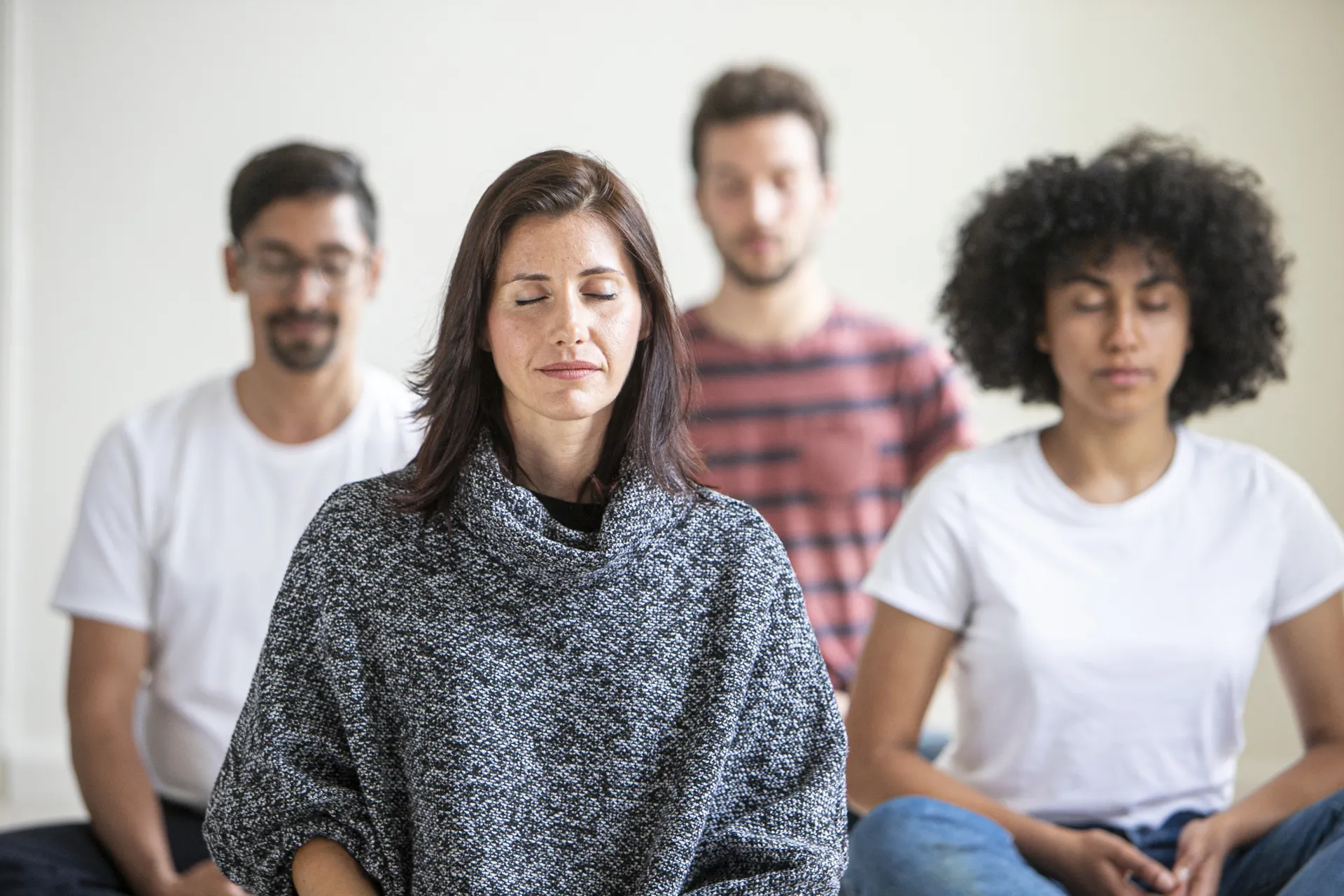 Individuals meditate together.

========================================

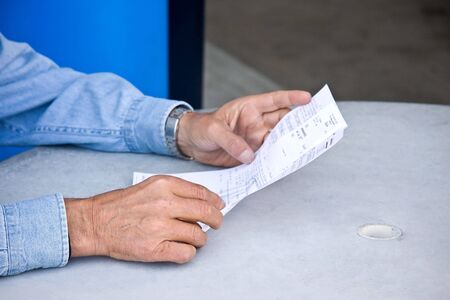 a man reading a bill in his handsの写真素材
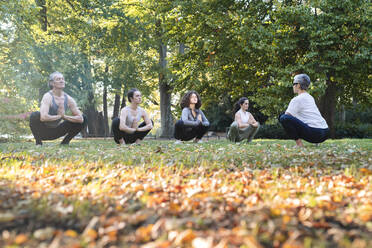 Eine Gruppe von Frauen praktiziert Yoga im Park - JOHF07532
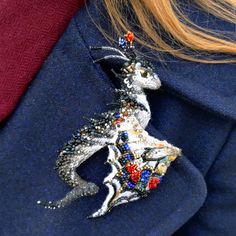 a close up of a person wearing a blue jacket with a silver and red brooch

========================================

#### Instructions for the task
Working from the entries above, please transcribe only the lines from the line with "a man reading a bill in his handsの写真素材" through the line with "a close up of", exactly, with both end lines and without pictures.

#### Output for this task
 a man reading a bill in his handsの写真素材
 Eine Gruppe von Frauen praktiziert Yoga im Park - JOHF07532
 a close up of a person wearing a blue jacket with a silver and red brooch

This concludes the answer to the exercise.